There are three varieties of this instrument: the alto, the tenor and the bass. Each is written in the proper key of the voice whose name it bears.

Trombones differ from all other brasswind instruments in that they are non-transposing, and, therefore, render the notes as they are written. The compass of the instrument is two octaves and a sixth.

“The timbre of the trombone,” writes Lavignac, “is majestic and imposing. It is sufficiently powerful to dominate a whole Orchestra. It produces above all things the impression of power, a power superhuman. For the loudest passages there is no instrument more stately, noble, imposing; but it can also become terrible, or, even terrific, if the composer has so decreed; and terrific also in the softest passages. It is mournful and full of dismay. Sometimes it has the serenity of the organ. It can, also, according to the shades of meaning, become fierce, or satanic; but still with undiminished grandeur and majesty. It is a superb instrument of lofty dramatic power, which should be reserved for great occasions; when properly introduced, its effect is overwhelming.”

Mozart understood this reserve. In Don Giovanni, for instance, he kept them out of the Orchestra until the scene with the statue. They come in, therefore, in a climax, a terrific and solemn voice from the lower regions calling Don Giovanni to his doom. Mozart also used them very impressively for the March of the priests and to accompany Sarastro, the high priest, in The Magic Flute.

Beethoven gave the trombones much to do in the Ninth Symphony, where they begin in the Trio of the Scherzo. Schubert uses them strikingly in his Symphony in C; and Schumann in the Finale of his First Symphony and also in his Manfred Overture.

Berlioz made a great use of this instrument. He said: “The trombone in my opinion is the true chief of that race of wind instruments which I distinguish as epic instruments. It possesses, in an eminent degree, both nobleness and grandeur. It has all the deep and powerful accents of high musical poetry from the religious accent, calm and imposing, to the wild clamors of the orgy. The composer can make it chant like a choir of priests, threaten, lament, ring a funeral knell, raise a hymn of glory, break forth into frantic cries, or sound a dread flourish to awaken the dead, or to doom the living.”

As a rule there are three tenor trombones in the Orchestra, but no alto, nor bass.
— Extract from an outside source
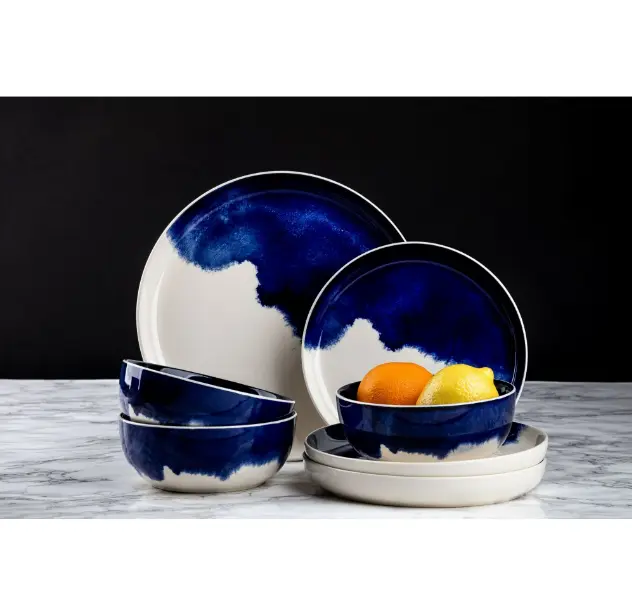 Blue Drip Stoneware Dinnerware Set - 12 Piece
TROMBONE, SYMPHONY SOCIETY OF NEW YORK

R. Van der Elst

THE BASS TUBA

This huge instrument, with the enormous bell standing upright, with valves and horizontal mouthpiece and great coils of shining tubes, is over three feet long! We can never mistake it; for it is the biggest of all the brass instruments. It has the deepest notes in the entire Orchestra. Its compass is immense! Four octaves! Having pistons, it can give sharps and flats. Consequently, it is a chromatic instrument. The sound of its voice is solemn, mysterious and lugubrious. It is very rich in its deepest notes. If we do not try to listen for them we shall not be able to distinguish them from the other bass instruments of the Orchestra.

The tone of the bass tuba might be described as partaking of both the trombone and the organ. Many of the beautiful effects in Wagner’s Nibelungen Ring are due to this great tuba of five cylinders. Wagner uses it to describe the deep, dark caverns under the Rhine and to suggest the first heavy roll of the waves in Das Rheingold; and it is the instrument on which the dragon, Fafner, speaks in Siegfried. It is heavy and ponderous like Fafner’s own heavy coils; and it is dark and deep and mysterious, just as we imagine a dragon’s voice might sound in the forest, where his mutterings and threatenings are understood.

The bass tuba appealed very strongly to Wagner’s imagination; and the Rheingold, Walküre Siegfried, and Götterdämmerung are full of its impressive tones.

The tuba was invented by a German composer, W. F. Wieprecht (1802-1892), with the help of J. G. Moritz.

The bass tuba, like every other instrument, had a direct ancestor. In some families the new generations are nobler and more refined than their ancestors. This is the case with the tuba. As he belongs to the group of horns and trombones, with even a slight relationship to the organ in his deep rolling voice with more velvet in it than even the organ possesses, the tuba might not care to be reminded that his parent is the ophicleide and that he came down in a straight line of ancestry from the rather commonplace and blatant Cornet Family.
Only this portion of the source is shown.